Task directions – The copy has to match the data exactly and leave out every picture.

Recorded data –
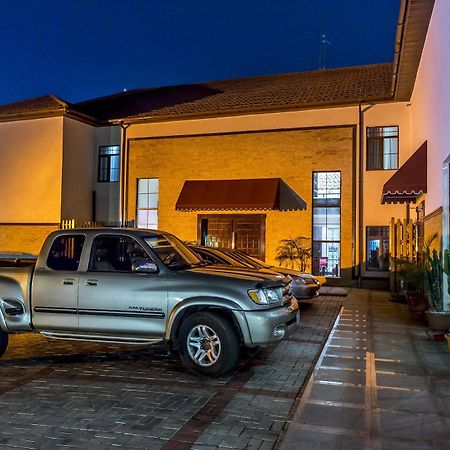 Quo Vadis Hotel Abuja Kültér fotó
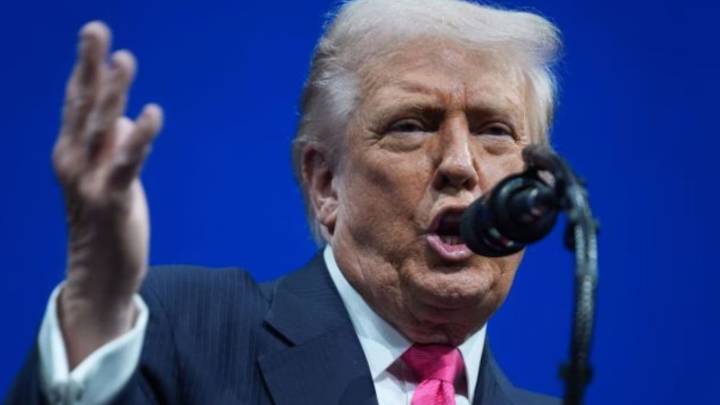 Donald Trump sets Thursday deadline for Ukraine to accept peace deal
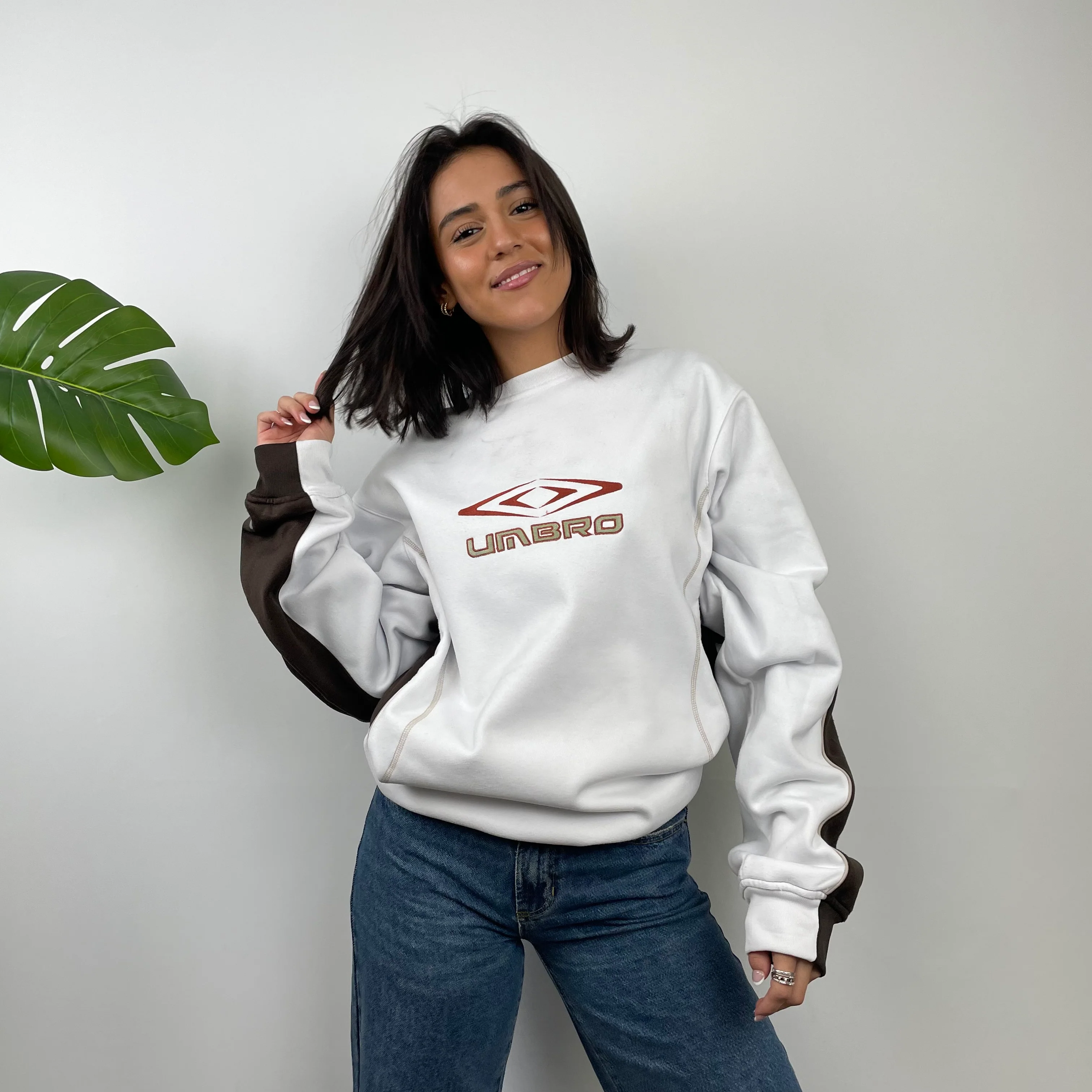 Umbro White Embroidered Spell Out Sweatshirt (XL) - Image 6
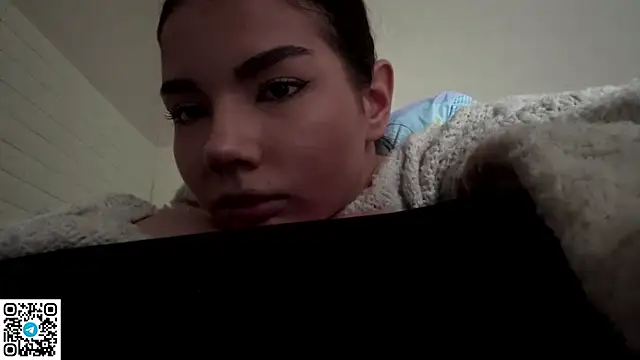 Živý XXX chat MarylnMonnier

Solution to the problem –
 Quo Vadis Hotel Abuja Kültér fotó
 Donald Trump sets Thursday deadline for Ukraine to accept peace deal
 Umbro White Embroidered Spell Out Sweatshirt (XL) - Image 6
 Živý XXX chat MarylnMonnier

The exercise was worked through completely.